TRUCK DRIVERS: They don't just move big rigs around. They also need to keep detailed log books, plan out routes, pass inspections -- and know how to talk civilly and constructively to DOT inspectors. An eighth grade education will not get you there. Especially on the last part. The back-and-forth of a high-school classroom socializes teenagers to work with authority. Most high school dropouts give up because they can't conform to those norms, not because they can't do the work. Trucking companies rightfully insist on a high school degree for exactly this reason.

FINANCIAL ADVISERS: Met any lately? I work in a co-lo space with several within 50 feet. They're all college educated, and they put non-obvious skills from their education to work, every day. They need to provide their clients with highly literate, personalized updates via quarterly letters. They need a sophisticated understanding of clients' expressed and unstated needs -- and you're not going to be fully capable of doing that with just a high school education. Some college-level psychology classes, history classes or behavioral econ classes will get you in the game. And if you actually want to be a financial adviser with some understanding of how markets work, an econ/finance major is your best path in.

Some of the other analysis is quite interesting. But the classification errors in this piece are more than just a matter of tweaking a spreadsheet. They come from a deeper misunderstanding of what many jobs are all about.



My father has been a truck driver from the late eighties on.

He is from rural Mexico and became a naturalized citizen of the US in his early 50s a couple years ago. The extent of his formal education was through 6th grade which was the furthest offered in his area when he grew up; he has had no further contact with the educational system since then.

In the nearly three decades that he has been driving trucks he has routinely won driver of the year awards as well as other frequent commendations for excellent performance in all job aspects while not a single time receiving a reprimand for uncivil or unconstructive conduct in any situation. His previous job experience before entering trucking in the 80s was a bit of construction work followed by quite a few years of dairy work; not places where he would have frequently encountered and worked along side better educated people that would have given him the opportunity to pick up on their habits and means of operating.
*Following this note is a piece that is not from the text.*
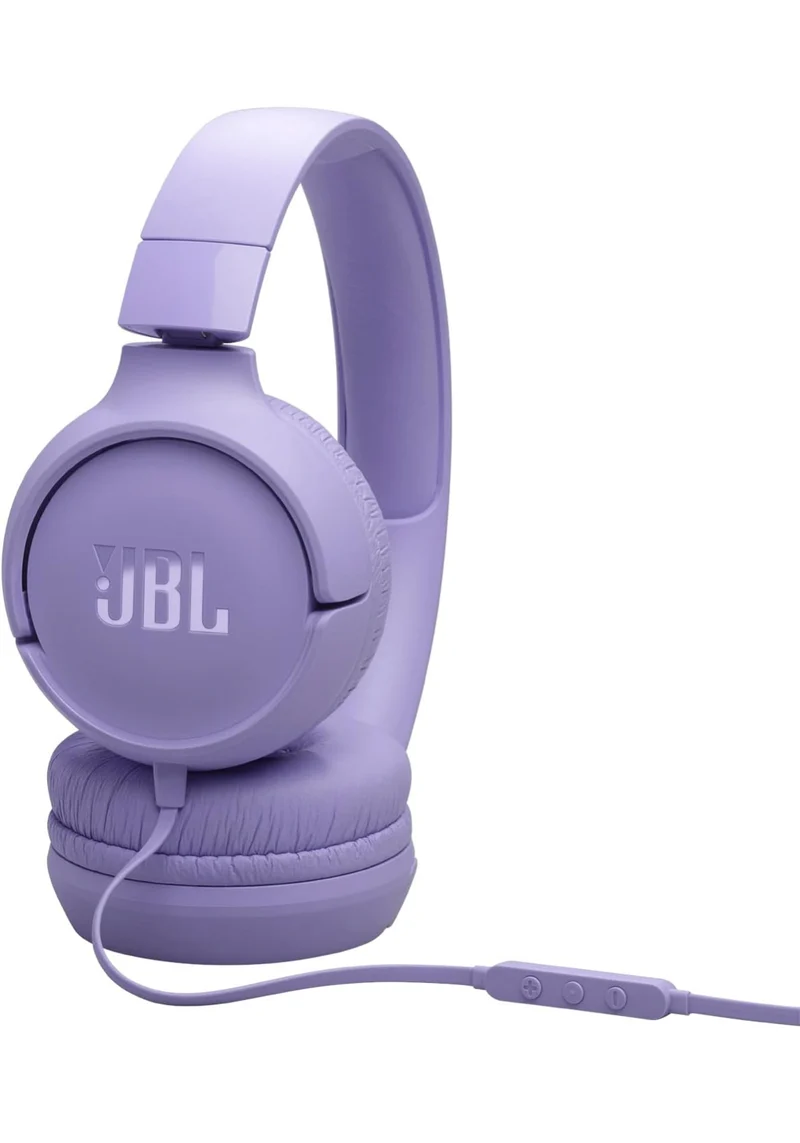 JBL Tune 520C - USB-C Wired on-Ear Headphones with Hi-Res Audio Support, Pure Bass Sound, Comfort fit, USB-C connectivity, 3-Button Remote with Microphone and EQ presets Control (Purple)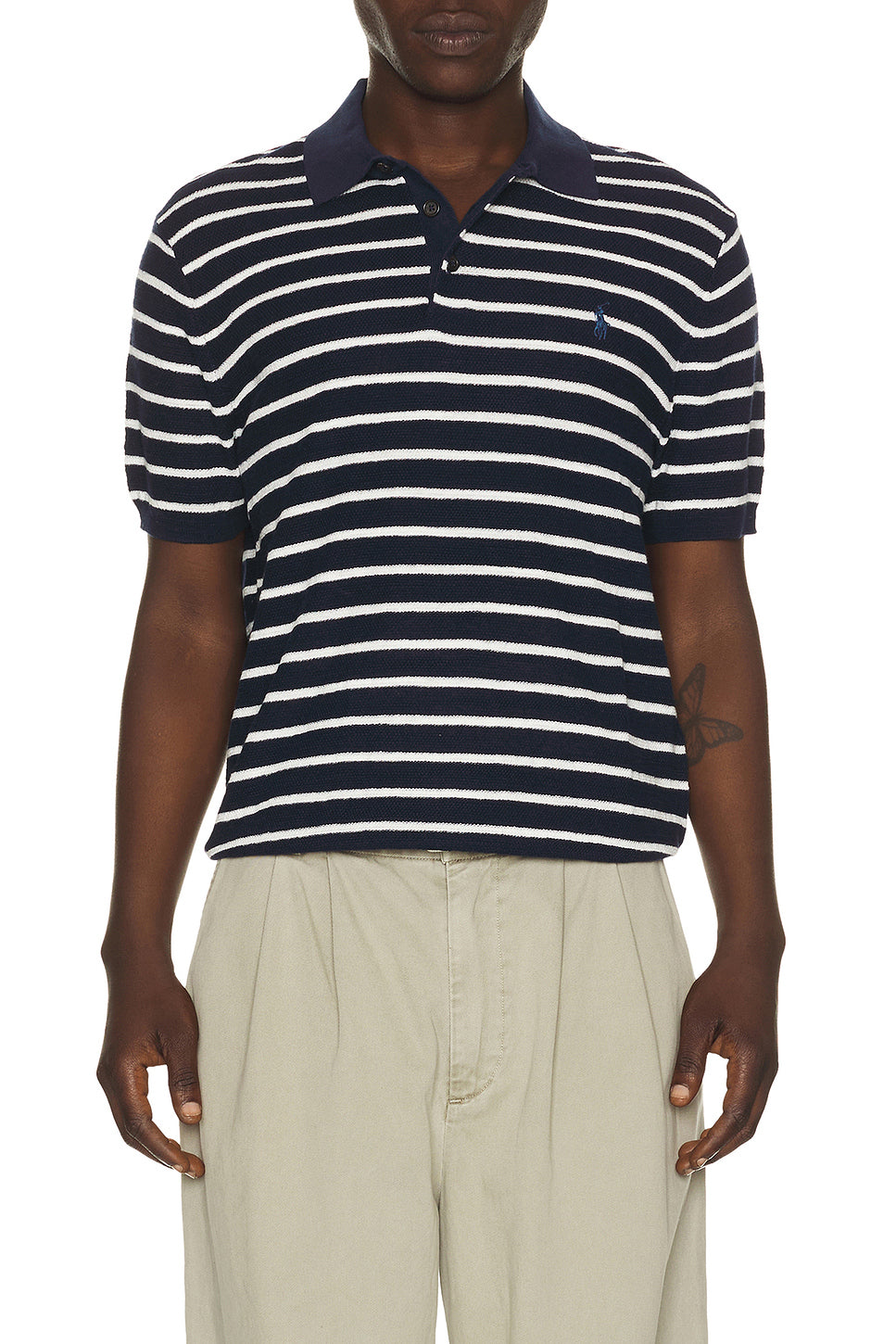 Cotton Blend Textured 3 Button Placket Short Sleeve Polo Sweater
I believe that his example shows that it is not necessary to go through eighth grade to learn these skills; I suspect that rather than eighth grade imparting superior skill towards functioning in society, it is instead a filter for those students that our one-size-fits-all school system fails to accommodate that then disposes those students outside of the system without any recourse or additional assistance which sets them up for a failed and miserable life in many cases.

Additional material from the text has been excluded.